[WHAT THE TASK ASKS] Output only the line that contains "Pemberly Row Contemporary" and the lines after it, all verbatim, through the last one below.

___ GIVEN ENTRIES ___

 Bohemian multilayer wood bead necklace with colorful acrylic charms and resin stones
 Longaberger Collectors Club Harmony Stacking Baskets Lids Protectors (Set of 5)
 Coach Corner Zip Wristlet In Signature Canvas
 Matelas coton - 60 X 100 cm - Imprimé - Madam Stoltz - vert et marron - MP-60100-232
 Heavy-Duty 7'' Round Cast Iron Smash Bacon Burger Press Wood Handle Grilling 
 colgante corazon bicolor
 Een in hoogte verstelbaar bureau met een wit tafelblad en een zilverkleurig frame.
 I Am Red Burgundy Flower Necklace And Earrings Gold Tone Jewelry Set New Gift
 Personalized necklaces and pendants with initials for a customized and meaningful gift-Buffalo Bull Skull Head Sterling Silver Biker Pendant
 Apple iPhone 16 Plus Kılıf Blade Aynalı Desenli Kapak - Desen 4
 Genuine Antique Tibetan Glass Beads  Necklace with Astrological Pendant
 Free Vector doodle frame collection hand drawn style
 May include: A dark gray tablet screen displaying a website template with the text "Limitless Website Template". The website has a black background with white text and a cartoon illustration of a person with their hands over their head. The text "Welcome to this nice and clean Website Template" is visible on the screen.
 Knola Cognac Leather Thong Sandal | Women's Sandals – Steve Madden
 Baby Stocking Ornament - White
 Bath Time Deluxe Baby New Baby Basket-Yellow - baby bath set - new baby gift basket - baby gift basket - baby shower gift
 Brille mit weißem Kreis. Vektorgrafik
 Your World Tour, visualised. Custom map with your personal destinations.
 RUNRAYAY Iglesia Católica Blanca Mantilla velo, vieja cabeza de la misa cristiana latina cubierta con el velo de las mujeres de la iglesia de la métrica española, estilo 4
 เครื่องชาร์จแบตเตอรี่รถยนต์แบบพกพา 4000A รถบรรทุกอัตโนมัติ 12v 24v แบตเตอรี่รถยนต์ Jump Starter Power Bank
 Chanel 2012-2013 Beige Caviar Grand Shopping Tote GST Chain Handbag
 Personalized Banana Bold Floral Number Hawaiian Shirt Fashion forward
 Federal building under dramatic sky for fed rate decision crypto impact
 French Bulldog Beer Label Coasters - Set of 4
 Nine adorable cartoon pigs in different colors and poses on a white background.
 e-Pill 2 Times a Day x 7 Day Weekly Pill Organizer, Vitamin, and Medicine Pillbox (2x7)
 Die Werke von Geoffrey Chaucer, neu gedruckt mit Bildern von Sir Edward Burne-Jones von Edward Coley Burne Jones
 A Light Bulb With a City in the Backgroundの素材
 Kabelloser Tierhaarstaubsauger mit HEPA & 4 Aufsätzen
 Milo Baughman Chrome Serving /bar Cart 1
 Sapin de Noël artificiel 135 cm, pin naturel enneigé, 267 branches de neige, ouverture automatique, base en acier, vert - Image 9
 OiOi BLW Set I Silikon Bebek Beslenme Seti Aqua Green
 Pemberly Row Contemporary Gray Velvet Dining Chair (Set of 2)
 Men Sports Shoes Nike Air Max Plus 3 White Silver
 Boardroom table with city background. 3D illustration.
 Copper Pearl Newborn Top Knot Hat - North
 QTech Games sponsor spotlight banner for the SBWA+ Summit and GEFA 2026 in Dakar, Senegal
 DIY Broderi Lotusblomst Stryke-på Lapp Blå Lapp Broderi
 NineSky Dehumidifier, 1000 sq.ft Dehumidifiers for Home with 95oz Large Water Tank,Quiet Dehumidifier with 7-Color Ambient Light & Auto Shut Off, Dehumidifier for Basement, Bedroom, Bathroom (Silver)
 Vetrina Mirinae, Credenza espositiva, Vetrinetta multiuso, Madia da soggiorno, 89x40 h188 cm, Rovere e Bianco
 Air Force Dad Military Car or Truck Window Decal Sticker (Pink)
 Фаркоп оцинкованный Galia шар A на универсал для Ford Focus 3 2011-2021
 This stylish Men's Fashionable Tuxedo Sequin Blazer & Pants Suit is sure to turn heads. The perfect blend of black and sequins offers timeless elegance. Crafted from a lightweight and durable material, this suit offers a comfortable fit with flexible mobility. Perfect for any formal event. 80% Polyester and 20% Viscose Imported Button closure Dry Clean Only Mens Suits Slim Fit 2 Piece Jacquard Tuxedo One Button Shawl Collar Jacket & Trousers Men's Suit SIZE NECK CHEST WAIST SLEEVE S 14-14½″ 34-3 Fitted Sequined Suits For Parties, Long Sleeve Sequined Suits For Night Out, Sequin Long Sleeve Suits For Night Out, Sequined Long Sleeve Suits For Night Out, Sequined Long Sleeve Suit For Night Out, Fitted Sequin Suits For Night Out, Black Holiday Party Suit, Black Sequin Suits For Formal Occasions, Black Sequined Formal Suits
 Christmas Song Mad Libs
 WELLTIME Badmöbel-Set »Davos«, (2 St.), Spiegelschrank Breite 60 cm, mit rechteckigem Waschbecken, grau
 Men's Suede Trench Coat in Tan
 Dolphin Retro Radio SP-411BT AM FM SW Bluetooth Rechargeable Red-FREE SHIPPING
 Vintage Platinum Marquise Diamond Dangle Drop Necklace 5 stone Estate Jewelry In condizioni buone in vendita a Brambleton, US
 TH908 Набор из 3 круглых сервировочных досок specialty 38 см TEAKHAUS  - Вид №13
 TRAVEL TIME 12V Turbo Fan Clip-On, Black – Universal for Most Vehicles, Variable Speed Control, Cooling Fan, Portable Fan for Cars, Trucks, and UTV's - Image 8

___

[RESPONSE BELOW]
 Pemberly Row Contemporary Gray Velvet Dining Chair (Set of 2)
 Men Sports Shoes Nike Air Max Plus 3 White Silver
 Boardroom table with city background. 3D illustration.
 Copper Pearl Newborn Top Knot Hat - North
 QTech Games sponsor spotlight banner for the SBWA+ Summit and GEFA 2026 in Dakar, Senegal
 DIY Broderi Lotusblomst Stryke-på Lapp Blå Lapp Broderi
 NineSky Dehumidifier, 1000 sq.ft Dehumidifiers for Home with 95oz Large Water Tank,Quiet Dehumidifier with 7-Color Ambient Light & Auto Shut Off, Dehumidifier for Basement, Bedroom, Bathroom (Silver)
 Vetrina Mirinae, Credenza espositiva, Vetrinetta multiuso, Madia da soggiorno, 89x40 h188 cm, Rovere e Bianco
 Air Force Dad Military Car or Truck Window Decal Sticker (Pink)
 Фаркоп оцинкованный Galia шар A на универсал для Ford Focus 3 2011-2021
 This stylish Men's Fashionable Tuxedo Sequin Blazer & Pants Suit is sure to turn heads. The perfect blend of black and sequins offers timeless elegance. Crafted from a lightweight and durable material, this suit offers a comfortable fit with flexible mobility. Perfect for any formal event. 80% Polyester and 20% Viscose Imported Button closure Dry Clean Only Mens Suits Slim Fit 2 Piece Jacquard Tuxedo One Button Shawl Collar Jacket & Trousers Men's Suit SIZE NECK CHEST WAIST SLEEVE S 14-14½″ 34-3 Fitted Sequined Suits For Parties, Long Sleeve Sequined Suits For Night Out, Sequin Long Sleeve Suits For Night Out, Sequined Long Sleeve Suits For Night Out, Sequined Long Sleeve Suit For Night Out, Fitted Sequin Suits For Night Out, Black Holiday Party Suit, Black Sequin Suits For Formal Occasions, Black Sequined Formal Suits
 Christmas Song Mad Libs
 WELLTIME Badmöbel-Set »Davos«, (2 St.), Spiegelschrank Breite 60 cm, mit rechteckigem Waschbecken, grau
 Men's Suede Trench Coat in Tan
 Dolphin Retro Radio SP-411BT AM FM SW Bluetooth Rechargeable Red-FREE SHIPPING
 Vintage Platinum Marquise Diamond Dangle Drop Necklace 5 stone Estate Jewelry In condizioni buone in vendita a Brambleton, US
 TH908 Набор из 3 круглых сервировочных досок specialty 38 см TEAKHAUS  - Вид №13
 TRAVEL TIME 12V Turbo Fan Clip-On, Black – Universal for Most Vehicles, Variable Speed Control, Cooling Fan, Portable Fan for Cars, Trucks, and UTV's - Image 8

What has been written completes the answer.